C e r t i f i e d S o f t w a r e P r o g r a m s
Over the years, the vendors of 3D CAD systems have
worked hard to build key relationships with third-party
vendors, providing users with best-in-class, integrated
solutions that can help reduce production costs and
decrease time to market. These partner programs include
add-on software for a myriad of functions, from
manufacturing and analysis to reverse engineering and
rapid prototyping.
Most CAD system vendors provide users with an ample
selection of industry-leading complementary software
that is fully integrated with the base CAD system. In
order for software to be certified as fully integrated, it
must go through rigorous testing to ensure its quality,
compatibility, and level of integration. Following
certification, the software must maintain compatibility
with subsequent releases of the CAD product in order to
keep up with new functionality.
Levels of integration differ, however. Integration may
mean that the software can read native files into their
own software. Some software products offer single-
window integration, the highest level of integration
offered. Providers of tightly integrated software products
have access to the CAD system’s application
programming interface (API). So their add-on software
can use the same solid modeling environment and
seamlessly activate from within the CAD system.

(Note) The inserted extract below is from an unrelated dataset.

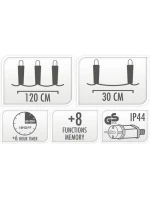 Svetelné závesy na vianočný stromček 120x120 CM 235LED MULTIKOLOR STARS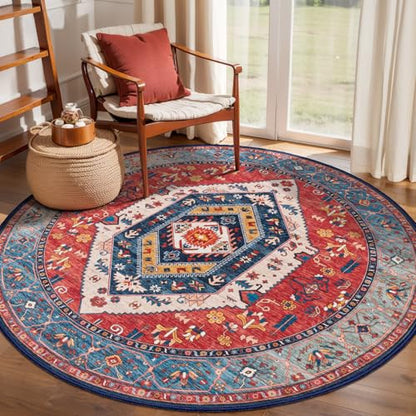 SERISSA 4ft Washable Non Slip Round Boho Area Rug for Bedroom，Rust - color: Rust/Multi, size: 4' (Round)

The upside for users in choosing from these certified
software lists is the assurance that these products will
offer interoperability, associativity, and data integration
with their CAD systems. This, in turn, results in faster
design times and less room for errors.
S i m u l a t i o n a n d A n a l y s i s
Analysis and simulation software delivers tangible and
quantifiable benefits to the product development process.
Analysis software – including tolerance analysis, finite-
element analysis (FEA), computation fluid dynamics
(CFD), and kinematics/dynamics software – enable
designers to test the structural integrity, thermal and flow
characteristics, and physical motion of new products
while the designs still reside in digital form.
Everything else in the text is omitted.